C’est l’une des méthodes envisagées dans le cadre de la lutte contre le changement climatique, pour réduire la quantité de gaz à effet de serre présent dans notre atmosphère : la technologie du captage-stockage du CO2 (ou CCS pour Carbon Capture and Storage), qui consiste à capter le gaz dès sa source de production et à le stocker dans le sous-sol. Cette technologie intéresse bon nombre d’industriels, qui y voient un moyen de réduire massivement leurs émissions de CO2.
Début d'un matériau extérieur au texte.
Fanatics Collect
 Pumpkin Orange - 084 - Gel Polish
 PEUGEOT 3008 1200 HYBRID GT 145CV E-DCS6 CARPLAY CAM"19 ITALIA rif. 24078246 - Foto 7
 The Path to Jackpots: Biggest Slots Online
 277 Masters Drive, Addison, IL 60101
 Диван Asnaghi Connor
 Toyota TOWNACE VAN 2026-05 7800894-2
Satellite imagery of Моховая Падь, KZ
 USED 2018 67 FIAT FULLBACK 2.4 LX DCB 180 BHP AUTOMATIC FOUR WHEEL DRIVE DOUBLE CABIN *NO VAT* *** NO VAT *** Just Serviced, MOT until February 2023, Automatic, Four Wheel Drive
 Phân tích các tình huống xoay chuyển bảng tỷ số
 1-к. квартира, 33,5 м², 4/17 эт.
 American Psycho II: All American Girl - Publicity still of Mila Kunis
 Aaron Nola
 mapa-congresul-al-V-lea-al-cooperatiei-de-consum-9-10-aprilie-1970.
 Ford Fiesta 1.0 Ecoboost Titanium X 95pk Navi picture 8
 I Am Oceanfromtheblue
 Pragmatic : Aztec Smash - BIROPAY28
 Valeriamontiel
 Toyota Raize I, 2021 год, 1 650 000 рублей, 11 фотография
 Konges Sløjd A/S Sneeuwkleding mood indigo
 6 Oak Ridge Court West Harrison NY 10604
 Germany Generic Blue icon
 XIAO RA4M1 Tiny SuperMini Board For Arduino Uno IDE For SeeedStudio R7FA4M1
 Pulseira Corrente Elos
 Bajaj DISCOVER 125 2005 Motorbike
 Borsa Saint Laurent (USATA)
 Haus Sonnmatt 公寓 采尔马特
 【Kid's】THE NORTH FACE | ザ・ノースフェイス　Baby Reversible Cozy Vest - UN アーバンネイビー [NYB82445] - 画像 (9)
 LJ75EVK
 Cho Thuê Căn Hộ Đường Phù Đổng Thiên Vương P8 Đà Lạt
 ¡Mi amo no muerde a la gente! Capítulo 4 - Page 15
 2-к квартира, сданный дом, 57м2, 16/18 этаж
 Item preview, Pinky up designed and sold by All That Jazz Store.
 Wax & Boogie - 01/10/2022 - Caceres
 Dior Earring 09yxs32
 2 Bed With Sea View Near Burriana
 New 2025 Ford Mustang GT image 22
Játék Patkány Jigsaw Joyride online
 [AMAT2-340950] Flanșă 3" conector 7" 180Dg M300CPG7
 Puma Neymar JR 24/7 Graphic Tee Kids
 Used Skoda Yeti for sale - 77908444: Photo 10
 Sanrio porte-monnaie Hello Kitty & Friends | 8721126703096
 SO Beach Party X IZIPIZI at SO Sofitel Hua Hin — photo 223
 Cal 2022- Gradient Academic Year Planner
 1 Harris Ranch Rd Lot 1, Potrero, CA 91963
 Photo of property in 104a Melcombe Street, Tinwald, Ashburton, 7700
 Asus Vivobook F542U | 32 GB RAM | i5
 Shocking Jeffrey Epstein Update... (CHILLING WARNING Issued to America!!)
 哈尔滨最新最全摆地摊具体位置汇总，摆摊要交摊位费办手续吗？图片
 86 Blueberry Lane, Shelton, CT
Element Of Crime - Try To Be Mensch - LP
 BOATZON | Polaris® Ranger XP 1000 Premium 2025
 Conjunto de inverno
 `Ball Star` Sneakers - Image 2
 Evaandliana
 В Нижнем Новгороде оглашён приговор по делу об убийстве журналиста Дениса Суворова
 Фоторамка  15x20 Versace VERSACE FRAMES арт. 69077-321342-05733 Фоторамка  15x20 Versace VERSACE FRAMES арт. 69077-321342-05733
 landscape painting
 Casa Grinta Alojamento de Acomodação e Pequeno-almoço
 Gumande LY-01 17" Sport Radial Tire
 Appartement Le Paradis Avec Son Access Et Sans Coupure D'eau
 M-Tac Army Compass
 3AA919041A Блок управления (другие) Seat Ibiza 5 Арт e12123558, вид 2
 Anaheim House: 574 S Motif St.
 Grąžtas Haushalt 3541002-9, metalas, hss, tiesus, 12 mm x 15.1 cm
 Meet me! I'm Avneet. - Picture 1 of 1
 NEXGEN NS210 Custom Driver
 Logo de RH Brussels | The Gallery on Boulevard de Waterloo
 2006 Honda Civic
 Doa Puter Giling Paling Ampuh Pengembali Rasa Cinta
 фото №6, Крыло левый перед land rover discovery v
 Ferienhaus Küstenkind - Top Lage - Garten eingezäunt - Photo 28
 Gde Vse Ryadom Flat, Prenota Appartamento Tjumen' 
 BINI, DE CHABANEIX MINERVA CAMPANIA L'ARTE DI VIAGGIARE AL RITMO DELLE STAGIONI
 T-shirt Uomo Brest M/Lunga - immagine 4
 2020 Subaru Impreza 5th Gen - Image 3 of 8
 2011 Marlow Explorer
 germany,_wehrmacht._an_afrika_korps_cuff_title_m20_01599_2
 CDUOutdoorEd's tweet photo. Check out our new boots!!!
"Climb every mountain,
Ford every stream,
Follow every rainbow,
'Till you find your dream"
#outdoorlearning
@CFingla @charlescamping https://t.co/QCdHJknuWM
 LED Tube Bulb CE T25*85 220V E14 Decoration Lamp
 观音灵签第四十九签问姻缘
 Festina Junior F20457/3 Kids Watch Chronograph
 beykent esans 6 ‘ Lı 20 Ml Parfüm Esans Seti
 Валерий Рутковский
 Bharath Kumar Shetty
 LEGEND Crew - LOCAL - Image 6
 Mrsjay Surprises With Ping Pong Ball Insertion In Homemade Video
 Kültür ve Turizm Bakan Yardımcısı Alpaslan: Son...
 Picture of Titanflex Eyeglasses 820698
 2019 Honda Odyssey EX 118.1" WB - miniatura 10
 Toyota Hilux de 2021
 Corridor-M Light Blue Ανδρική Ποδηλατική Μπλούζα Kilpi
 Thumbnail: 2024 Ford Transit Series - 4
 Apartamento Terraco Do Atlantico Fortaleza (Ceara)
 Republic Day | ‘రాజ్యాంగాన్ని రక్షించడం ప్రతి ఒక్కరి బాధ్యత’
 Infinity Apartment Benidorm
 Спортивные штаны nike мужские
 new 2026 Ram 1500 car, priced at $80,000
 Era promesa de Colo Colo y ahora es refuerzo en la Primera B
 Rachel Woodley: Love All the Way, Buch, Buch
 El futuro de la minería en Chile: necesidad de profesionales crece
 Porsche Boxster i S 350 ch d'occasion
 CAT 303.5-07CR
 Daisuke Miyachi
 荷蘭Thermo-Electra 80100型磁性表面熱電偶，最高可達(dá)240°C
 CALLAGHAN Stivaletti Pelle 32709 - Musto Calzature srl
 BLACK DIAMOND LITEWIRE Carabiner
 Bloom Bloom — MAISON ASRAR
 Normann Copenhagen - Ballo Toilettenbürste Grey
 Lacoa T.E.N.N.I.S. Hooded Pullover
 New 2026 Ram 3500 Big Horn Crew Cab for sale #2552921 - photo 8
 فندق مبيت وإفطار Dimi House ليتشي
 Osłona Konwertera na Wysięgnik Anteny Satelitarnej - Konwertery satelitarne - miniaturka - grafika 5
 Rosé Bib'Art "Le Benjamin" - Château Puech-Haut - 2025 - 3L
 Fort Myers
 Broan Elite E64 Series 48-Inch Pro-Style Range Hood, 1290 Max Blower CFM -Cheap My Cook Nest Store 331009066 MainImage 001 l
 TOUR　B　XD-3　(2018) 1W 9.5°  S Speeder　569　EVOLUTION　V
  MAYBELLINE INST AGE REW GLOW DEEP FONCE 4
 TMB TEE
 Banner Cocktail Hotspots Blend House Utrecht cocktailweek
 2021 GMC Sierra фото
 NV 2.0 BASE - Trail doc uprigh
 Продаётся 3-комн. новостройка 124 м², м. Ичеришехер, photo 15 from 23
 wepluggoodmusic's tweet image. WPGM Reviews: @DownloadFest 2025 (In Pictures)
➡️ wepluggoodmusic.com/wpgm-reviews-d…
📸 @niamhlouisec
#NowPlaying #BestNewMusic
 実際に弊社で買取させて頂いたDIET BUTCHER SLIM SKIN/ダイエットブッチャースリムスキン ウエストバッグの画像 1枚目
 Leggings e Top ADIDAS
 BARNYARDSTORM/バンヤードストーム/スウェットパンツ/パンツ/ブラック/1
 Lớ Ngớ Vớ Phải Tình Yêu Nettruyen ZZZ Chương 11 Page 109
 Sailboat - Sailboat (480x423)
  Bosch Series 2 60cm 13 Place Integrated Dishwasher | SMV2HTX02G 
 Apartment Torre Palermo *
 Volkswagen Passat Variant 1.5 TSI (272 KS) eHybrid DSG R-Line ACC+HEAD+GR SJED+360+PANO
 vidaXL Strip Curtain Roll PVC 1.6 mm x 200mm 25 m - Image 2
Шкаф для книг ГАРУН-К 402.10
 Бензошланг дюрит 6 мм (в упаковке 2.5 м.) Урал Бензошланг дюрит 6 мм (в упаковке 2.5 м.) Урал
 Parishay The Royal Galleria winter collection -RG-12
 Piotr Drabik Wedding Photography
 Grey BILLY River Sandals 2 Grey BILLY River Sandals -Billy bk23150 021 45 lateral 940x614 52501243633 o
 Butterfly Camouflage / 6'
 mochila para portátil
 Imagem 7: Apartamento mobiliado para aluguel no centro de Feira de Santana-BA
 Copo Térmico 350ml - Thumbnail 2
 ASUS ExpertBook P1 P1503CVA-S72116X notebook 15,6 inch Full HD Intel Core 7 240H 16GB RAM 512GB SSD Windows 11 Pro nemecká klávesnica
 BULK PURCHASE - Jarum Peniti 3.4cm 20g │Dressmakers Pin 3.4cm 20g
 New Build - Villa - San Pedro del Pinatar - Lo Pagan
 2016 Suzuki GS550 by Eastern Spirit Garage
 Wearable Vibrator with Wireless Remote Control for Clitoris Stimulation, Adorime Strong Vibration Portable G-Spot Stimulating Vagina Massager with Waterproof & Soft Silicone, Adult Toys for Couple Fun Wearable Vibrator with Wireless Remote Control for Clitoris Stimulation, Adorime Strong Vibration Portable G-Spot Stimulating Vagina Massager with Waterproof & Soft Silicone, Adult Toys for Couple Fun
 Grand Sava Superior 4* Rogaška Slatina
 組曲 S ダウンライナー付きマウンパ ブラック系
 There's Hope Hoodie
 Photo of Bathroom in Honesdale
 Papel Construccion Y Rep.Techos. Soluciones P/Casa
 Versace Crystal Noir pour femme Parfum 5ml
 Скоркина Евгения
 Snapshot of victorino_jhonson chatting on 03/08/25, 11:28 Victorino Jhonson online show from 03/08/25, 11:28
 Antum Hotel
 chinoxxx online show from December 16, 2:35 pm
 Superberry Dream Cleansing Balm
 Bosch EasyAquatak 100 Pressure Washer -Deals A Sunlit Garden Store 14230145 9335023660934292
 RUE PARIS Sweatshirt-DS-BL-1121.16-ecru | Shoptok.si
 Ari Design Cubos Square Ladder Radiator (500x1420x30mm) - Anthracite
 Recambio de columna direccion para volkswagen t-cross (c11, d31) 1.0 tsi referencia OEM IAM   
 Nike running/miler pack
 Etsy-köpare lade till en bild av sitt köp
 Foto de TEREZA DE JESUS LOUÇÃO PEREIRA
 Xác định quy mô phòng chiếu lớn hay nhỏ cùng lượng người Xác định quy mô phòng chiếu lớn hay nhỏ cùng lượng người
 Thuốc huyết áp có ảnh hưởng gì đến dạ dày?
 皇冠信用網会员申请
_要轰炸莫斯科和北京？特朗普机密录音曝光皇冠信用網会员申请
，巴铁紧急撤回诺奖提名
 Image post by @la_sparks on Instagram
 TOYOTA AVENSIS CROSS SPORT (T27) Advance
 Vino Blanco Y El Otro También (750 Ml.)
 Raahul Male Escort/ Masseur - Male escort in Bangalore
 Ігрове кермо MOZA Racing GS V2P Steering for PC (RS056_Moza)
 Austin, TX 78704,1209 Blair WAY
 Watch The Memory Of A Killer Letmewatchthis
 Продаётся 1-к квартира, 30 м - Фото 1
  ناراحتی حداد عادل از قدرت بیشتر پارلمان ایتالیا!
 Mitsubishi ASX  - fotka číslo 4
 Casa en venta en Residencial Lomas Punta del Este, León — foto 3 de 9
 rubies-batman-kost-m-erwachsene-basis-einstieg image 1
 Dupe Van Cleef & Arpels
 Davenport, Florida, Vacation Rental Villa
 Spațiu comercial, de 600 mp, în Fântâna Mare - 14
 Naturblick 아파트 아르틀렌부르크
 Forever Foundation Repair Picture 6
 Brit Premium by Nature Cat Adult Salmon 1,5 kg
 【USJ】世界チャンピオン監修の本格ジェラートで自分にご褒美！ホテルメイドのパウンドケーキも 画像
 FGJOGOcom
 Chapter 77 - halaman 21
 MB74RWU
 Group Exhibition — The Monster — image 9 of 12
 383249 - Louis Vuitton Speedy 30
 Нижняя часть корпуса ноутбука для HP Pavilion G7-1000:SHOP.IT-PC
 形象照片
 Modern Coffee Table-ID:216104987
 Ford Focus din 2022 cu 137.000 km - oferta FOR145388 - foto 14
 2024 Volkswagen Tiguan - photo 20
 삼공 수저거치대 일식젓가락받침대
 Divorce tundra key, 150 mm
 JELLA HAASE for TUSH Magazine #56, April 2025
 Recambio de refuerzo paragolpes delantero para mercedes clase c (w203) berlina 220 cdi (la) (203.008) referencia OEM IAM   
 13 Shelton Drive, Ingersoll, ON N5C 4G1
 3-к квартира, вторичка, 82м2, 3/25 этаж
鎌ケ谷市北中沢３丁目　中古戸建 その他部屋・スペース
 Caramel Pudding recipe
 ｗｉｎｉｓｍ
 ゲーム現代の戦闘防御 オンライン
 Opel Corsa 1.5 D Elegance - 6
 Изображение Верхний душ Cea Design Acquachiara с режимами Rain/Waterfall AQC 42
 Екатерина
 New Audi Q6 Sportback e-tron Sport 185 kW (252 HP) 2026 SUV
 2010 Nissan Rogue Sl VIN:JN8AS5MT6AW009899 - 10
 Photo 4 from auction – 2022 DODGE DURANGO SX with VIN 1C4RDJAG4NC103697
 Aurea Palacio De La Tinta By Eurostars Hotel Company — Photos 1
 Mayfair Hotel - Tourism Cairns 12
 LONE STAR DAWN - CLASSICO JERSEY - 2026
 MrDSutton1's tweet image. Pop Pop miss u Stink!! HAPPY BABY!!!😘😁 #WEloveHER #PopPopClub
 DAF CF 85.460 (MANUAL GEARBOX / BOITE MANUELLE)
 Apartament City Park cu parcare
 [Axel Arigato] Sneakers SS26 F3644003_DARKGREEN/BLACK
Selon l’Agence américaine de protection de l’environnement, 4000 tonnes représentent l’équivalent des émissions d’environ 870 voitures. Cet objectif annuel paraît donc vraiment dérisoire par rapport aux émissions mondiales de CO2 : plus de 43 milliards de tonnes de CO2 ont été émises en 2019 ! Rappelons que la plupart de ces émissions sont issues de la combustion des énergies fossiles (principalement du charbon, mais aussi du pétrole et du gaz).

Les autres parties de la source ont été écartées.